New Orleans (The Advocate) – The future home of the New Orleans Pelicans’ NBA Development League team was narrowed to six cities Tuesday.
The franchise announced just six of their proposed 10 sites responded to the team’s Request For Proposal, leaving in-state suitors Baton Rouge, Shreveport and St. Tammany Parish in the picture as well as Jackson, Mississippi, Mobile, Alabama, and Pensacola, Florida.
The Pelicans did not receive RFP responses from Lafayette, Monroe, Alexandria and Biloxi, Mississippi, removing them from contention.
There was no firm timetable announced for selecting a site, and the team won’t begin play until the 2018-19 season.
“We are excited to the see the excitement which this process has generated among the six locations,” Pelicans owner Tom Benson said. “All of them have stepped forward with legitimate and sincere interest and are going to make a case via their proposals for why they would like to be the home of our NBA (D-League) team in 2018-2019. The process is underway and we know that this will be a very significant addition for a city/parish near us as it will add global exposure and bring professional basketball to their town.”

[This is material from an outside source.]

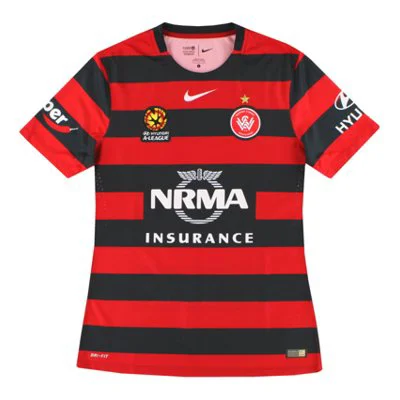 Western Sydney Wanderers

The Pelicans initially announced its intentions to start a D-League team on March 31 and team president Dennis Lauscha said it’s a “process that’s been in the works” for several years, but recently became a top priority.
The NBA has shifted emphasis into the D-League recently, consistently adding teams and inserting a “two-way” contract that allows NBA franchises to more easily affiliate with players at the lower level. By the start of next season, 25 franchises will operate D-League teams.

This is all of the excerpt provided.